Ah, aku melupakan kenyataan itu. Tidak heran Arsa kagum pada adiknya, ia satu-satu orang yang lebih lama bersama gadis itu dibanding siapa pun.

"Tapi, Onee-san mengatakan ini padaku. Tidak peduli tempat, atau apa pun yang kau miliki. Perundungan itu bisa terjadi dengan alasan apa pun. Manusia yang hidupnya sempurna saja punya alasan kenapa ia dirundung. Jadi kalau seseorang bertanya, bagaimana cara menghentikan ini semua? Jawabannya ada pada diri kita. Ingin terus dirundung, atau mau mencoba mengubah? Bagaimana cara mengubahnya? Seseorang akan tahu jika dia mau berusaha."

"Benar-benar seperti Andromeda ya," responsku sembari coba membayangkan wajah gadis itu.

"Iya kan? Aku baru pertama kali bertemu dengan orang sepositif Onee-san. Berkatnya, aku menjalankan beberapa saran. Kemudian mendapat teman sedikit demi sedikit. Teman-temanku juga sekarang sangat perhatian dan menghormati keyakinanku. Walau semua itu tidak mudah awalnya, untuk menyembuhkan mentalku saja butuh waktu yang cukup panjang."

Adikku ini terus bercerita tentang Andromeda dengan wajah penuh semangat. Dalam dirinya, Andromeda seolah menjadi pahlawan yang menyelamatkan hidupnya. Haaa, sepertinya banyak sekali hutang budi yang harus kubayar pada gadis itu.

"Ne, Onii-san jadi bertemu Otou-san kan?"

Sementara waktu, aku harus menunda membalas kebaikan gadis itu. Ada hal lebih penting yang harus kuurus lebih dulu.

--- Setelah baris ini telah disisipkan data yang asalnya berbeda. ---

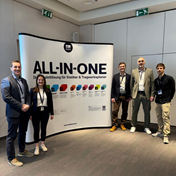 Networking tra i membri del team alla giornata inaugurale Community Day di Vienna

"Tentu, ayo ke rumahku sebentar! Aku harus mengambil beberapa barang sebelum pergi ke sana."

Lucunya, takdir kami seakan dipermainkan dengan mudahnya. Orang yang selama berminggu-minggu tidak kutemui batanh hidungnya itu di mana pun, sekarang ini tengah berdiri di depan pagar rumahku. Alisnya berkerut, mulut kecilnya mengucapkan sesuatu. Dengan gestur yang mencurigakan itu, ia nampak sedang bimbang untuk memutuskan membuka pagar rumahku atau tidak.

Ah, dasar. Kelakuannya itu selalu saja bisa membuatku tersenyum senang.

"Andromeda!"

***

Nb:

*Yakiimo: ubi manis bakar (salah satu cemilan di waktu musim dingin)

*Haru: musim semi

*Sou desu ne: iya juga ya

*Nani desuka?: Apa?

*Dirgahayu Indonesiaku yang ke 76 🇲🇨🇲🇨🇲🇨 Indonesia Tangguh, Indonesia Tumbuh! Selamat hari kemerdekaan untuk kita semua!